I have been thinking about the strangeness of using an advanced technology to communicate something as profoundly untechnological—almost anti-technological—as climbing a tree.
Tree climbing is rudimentary. It requires nothing but a working body (and perhaps an eccentric mind). The only technology I use in climbing is the clothing I wear. In summer, perhaps a pair of shorts. In the cold windswept rains of November, rain pants, good shoes, and a raincoat are useful. The technology ramps up in winter to include long underwear, a winter coat, snow boots, good gloves. Ski pants if the tree is full of snow. Even so, technology of a basic order.

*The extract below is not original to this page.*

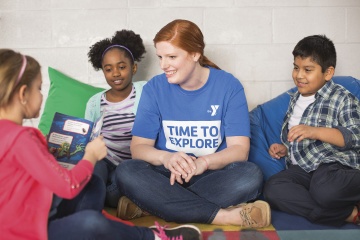 Adult reading a book with kids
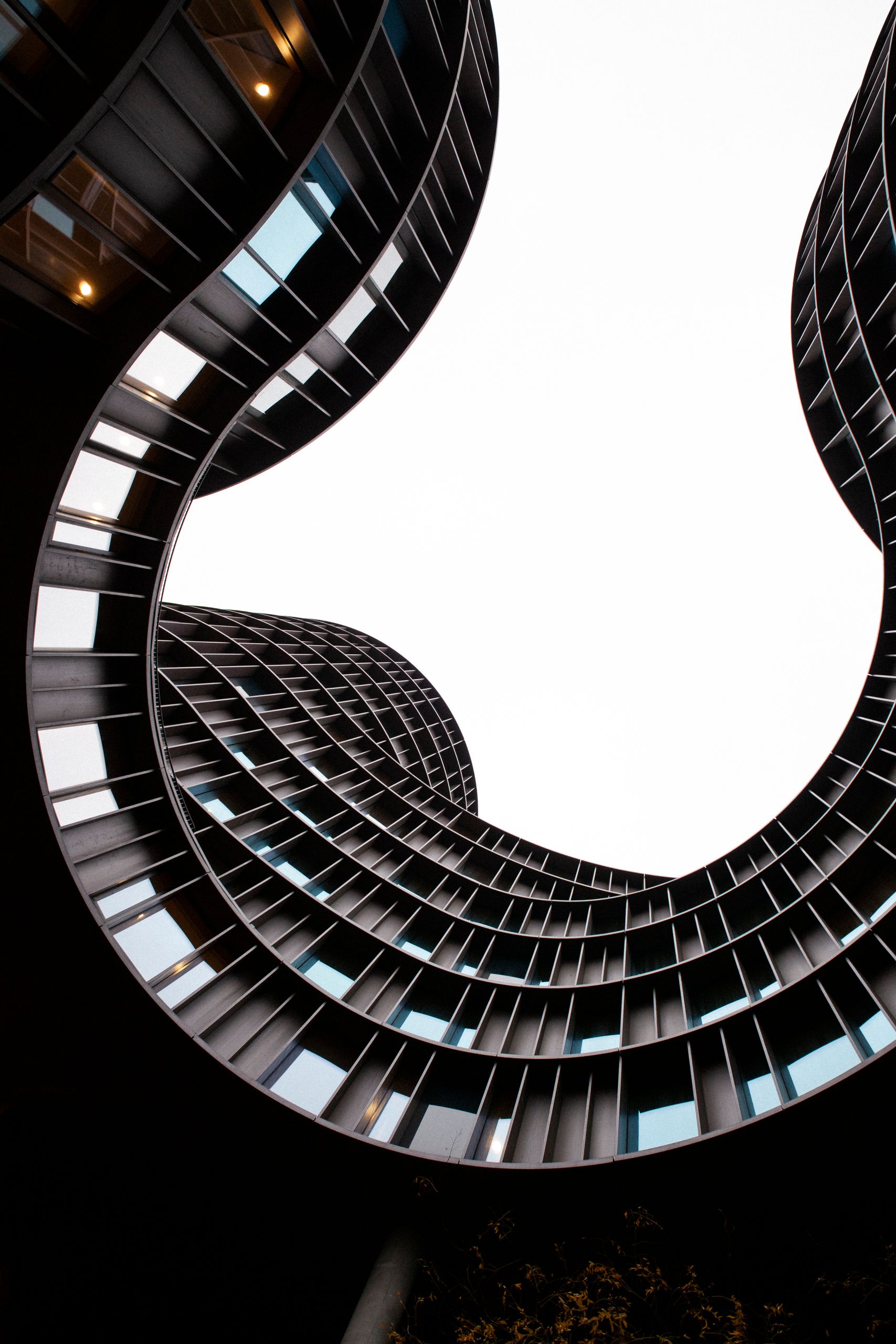 View of modern glass buildings curving toward the sky in Copenhagen, Denmark.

But I think and write and talk about the tree as well. Language is a technology (arguably) that is built into the experience of climbing for humans, even if the act of climbing could be performed without it (squirrels manage nicely). And language is essential to conveying the experience to others. Enter the computer. And the camera. These are intricate but—by today’s standards—routine technologies. Is the Internet simply an extension of these? A place to put writing and pictures that lots of people can get to?
And yet, I climb partly as an act of defiance against a world that feels increasingly digital. Hands on bark! Face to the sun!
There is a dissonance in using the digital medium to communicate this act, this experience. There is likely no sun on your face as you read this. However hard I try I cannot put your hand on my tree. I’m sitting at a computer; you’re looking at a screen. There’s no chance either of us will fall; neither of us is swaying in the breeze.
Chuang-Tzu asks, am I Chuang-Tzu dreaming I’m a butterfly, or am I a butterfly dreaming I’m Chuang-Tzu? If the Internet is a kind of a dream, a manufactured reality—am I using technology, or is it using me? What if I’m just the butterfly? Just one more billionth of the way the Internet finds its way into every part of our lives? And manufactures us?
Because I could, after all, just climb the tree.
But, since I do climb the tree, Chuang Tzu might say it doesn’t matter who is the butterfly and who is Chuang-Tzu. Because I am, after all, always back out there among the branches. Sending down that taproot. Hands on bark, face to the sun.
(Maybe I should ask instead, am I climbing the tree or is the tree climbing me? This might invoke more of what is—dare I use the word?—spiritually profound about the experience.)
Climbing a tree is magnificently primitive.
It sends us back in several ways: back to childhood, which is when those of us who have climbed trees mostly did; back on our evolutionary tree, to simians swinging from branches; back to a core of experience that feels more primal, more present, less mediated, than so much else in our technology-ridden lives.
Hands on bark! Face to the sun!
And an infinite blue sky.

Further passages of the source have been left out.